WHAT we witnessed in Limerick wasn't the death of a European super-power or indeed a rugby province in decline. However, what we did see was a Munster team in transition, one which will -- of necessity -- change even more when a new head coach is appointed in the coming weeks.
What Munster is experiencing at the moment, while painful, is part of the cycle and natural course of events over time.
Whatever the code, great teams have great times before they falter and have to re-invent themselves. That is the challenge for Munster now.
They have, in my view, already got the right man in Anthony Foley in the right position with responsibility for the forwards. Foley may well get the nod to become the chief but, for me, it would be a major move too early for province and coach alike.
Whoever eventually succeeds Tony McGahan, there are problems to be addressed.
Up front, there is some serious material with which to work. Munster will never want for the right stuff from numbers one to eight and, in the likes of Mike Sherry, Donnacha Ryan, Peter O'Mahony, Tommy O'Donnell and James Coughlan, a new generation is already in place.
Behind the scrum, however, there are very real issues to address, extending from half-back out.
I admire Ronan O'Gara's self-belief in his assertion that he would continue to play until he is 38 but what does that say about underage/academy back-up in the province? O'Gara is still clearly the main man to nurse the emerging generation through, but he also needs to be pushed.
In Conor Murray and O'Gara, Munster have the pairing in place for next season at least, but beyond that -- aside from Keith Earls and Simon Zebo -- alarm bells should be ringing.
Right now, Munster lack pace, balance, creativity and savvy in attack. When Munster rugby was at its best, it operated on the twin-prong bludgeon-and-rapier principle in midfield whereby a Rob Henderson or Trevor Halstead combined with a Mikey Mullins or a Rua Tipoki to most prudent attacking effect.
Right now, Lifeimi Mafi alongside Earls is much too light-weight and far too easily read.
There are times in the white heat of battle when bashing down the door is every bit as prudent as picking at the lock. To that end, the pending arrival of James Downey from Franklin's Gardens can't happen quickly enough, with Earls, wearing 13, set to be the instant beneficiary.
Of the current back-three, Zebo is by far the most assured. Denis Hurley and Felix Jones ooze honesty but one lacks the pace essential at this level (although I would argue that Hurley could perform the Jamie Roberts-type carrier role were he developed as such at inside-centre), while the other is consistently wasting energy needlessly in certain areas of the field.
Jones has the potential to be a very effective full-back at this level but right now he needs someone like Shaun Payne to take him aside and point out the futility of getting involved at the breakdown.
The full-back was, and still is, the most potent attacking weapon in rugby if sensibly deployed. A fit-again Dougie Howlett on the right, with Zebo on the left and a more tactically astute Jones at full-back, certainly excites, but it necessitates the full-back re-assessing his tactical priorities.
As for Ulster, it was a magical performance and a statement of intent.

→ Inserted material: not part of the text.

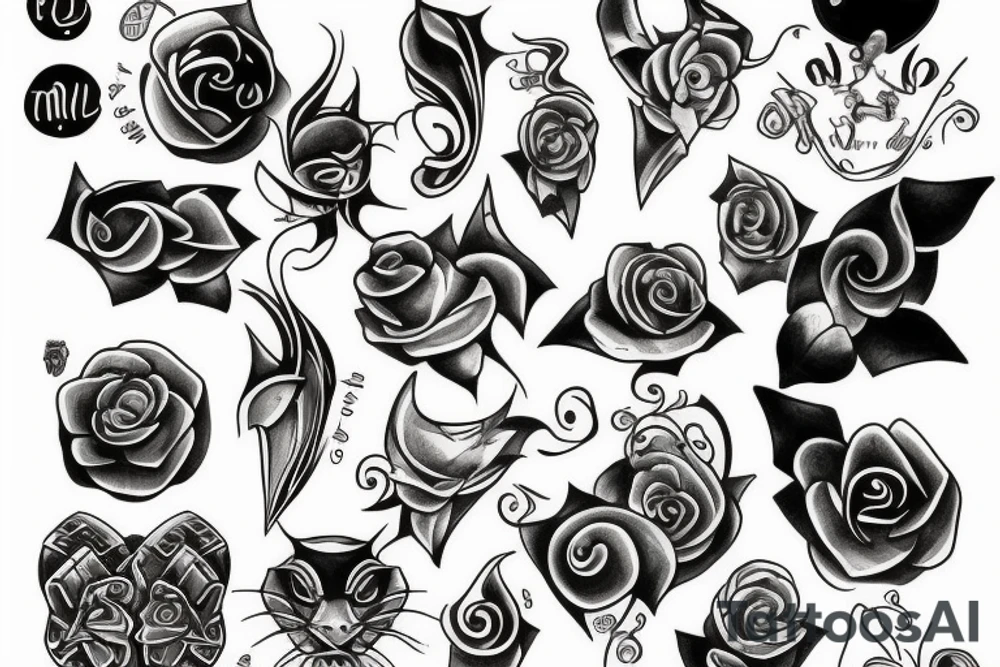LIGA tattoo idea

As we witnessed at Lansdowne Road back in 1999, the potential support for the province is massive and at least on a par with the big two. It is great news for Ulster and great news for Irish rugby.
Craig Gilroy did his future prospects at the highest level no harm with Sunday's brilliant try but it didn't need that. Both he and replacement scrum-half Paul Marshall are already international-class players in the making.
At Lansdowne, where Leinster were at times mesmeric, Rob Kearney and Jonny Sexton were at the heart of it. Some will point to inadequacies in the Cardiff defence but if you want self-belief and precision in clinical execution then what we witnessed last Saturday was a Joe Schmidt masterclass.
Here I echo the sentiments expressed by colleague Hugh Farrelly in these pages yesterday that the New Zealander be enlisted to return to his homeland this summer, alongside Les Kiss, charged with responsibility for the Ireland backs.
Kiss and Schmidt would make for the dream team in combining defence with attack and I know it would have the most positive impact on each and every player chosen to travel.
It would also introduce Schmidt to the Test think-tank and I cannot think of anyone better qualified than the former Clermont Auvergne backline wizard to take on that task in the interim and -- depending how it goes -- perhaps on a longer-term arrangement.
Of all the overseas coaching expertise to come our way, it is the Schmidt modus operandi that has impressed me the most.
While we have him in our midst, we should maximise that presence to the full.